I went down the back stairs but instead of turning to the right to the kitchen, I took the hallway to the left with its oak cabinets and counters. The long hall opened on a small ballroom, where in days past, parties would be held with dancing to a small grouping of musicians, or perhaps guests would be subjected to a concert or recital or a speech by an aspiring politician. The room was dark and deserted, dust-covers draped over the furniture. A maintenance light was on outside the french doors, and I followed its gleam on the polished hardwood floors.

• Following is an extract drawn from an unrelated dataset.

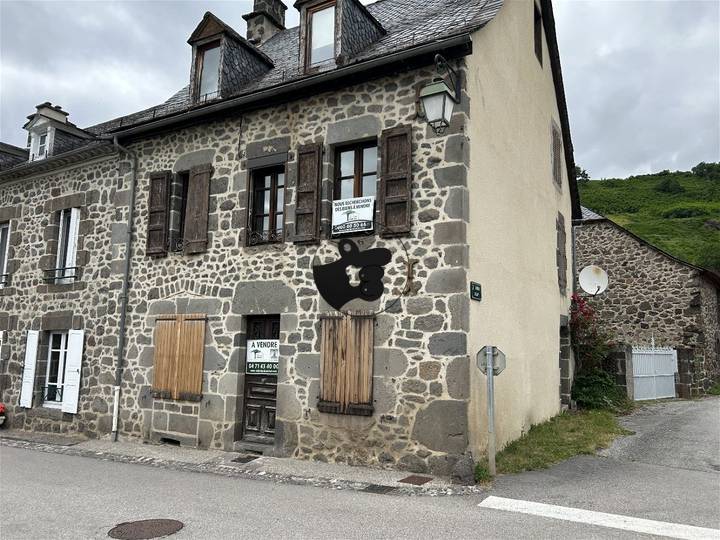 3 bedrooms house for sale in Cantal (15), France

Five children, aged twelve, eleven, and nine. The two oldest are going to need training bras soon, I thought, feeling the sudden surprise of years. Weren't they just little kids a couple weeks ago? Their father has been dead for three years -- that's almost forever to them. Who tells them their father's stories? Their mother, who was nuts in love with another man a matter of months after her husband's death? The step-father and aunt, who never knew their father? Maybe their grandmother Claire, who was so irritated by Jesse's ineptitude at estate management and motherhood that she was spending longer and longer periods of time with friends in Europe? That left the house staff and me. Well, the head of estate staff management, Redell, was still here. All the others had found other jobs and new personnel took their place over the years. Even Nanny had left in a huff after Jesse remarried, adding to the turmoil of the household.

A gust of wind spattered me with droplets even though I stood close by the doors. I suppose that leaves me to tell the stories of Charles Reich that I know, I thought. Of seeing him dancing, playing 'Ring A Round of Rosies' with Marca, Oesha, and Owen, looking like a giant holding hands with staggering toddlers. Of hearing him sing Beatles' songs to his children, It Was a Hard Day's Night, and church hymns at their bedtime, This Day God Gives Me, to the same tune as Cat Stevens' Morning Has Broken. Of the crown of pink and lavender roses that he placed on Jesse's head after the youngest twins were born.

I hoped that Charles' collection of his children's artifacts was still somewhere in the house, and that Jesse hadn't heedlessly thrown the things away.

Once upon a time, an auntie watched five children come to live in the world, and she was very happy indeed about the prospect of talking baby talk to them, and combing their delicate hair, and having them snuggle against her at Mass. Auntie never imagined that one day she would be trying to help adolescents work through the weighty and ragged stages of grief, or that she would be the repository of their memories of their past.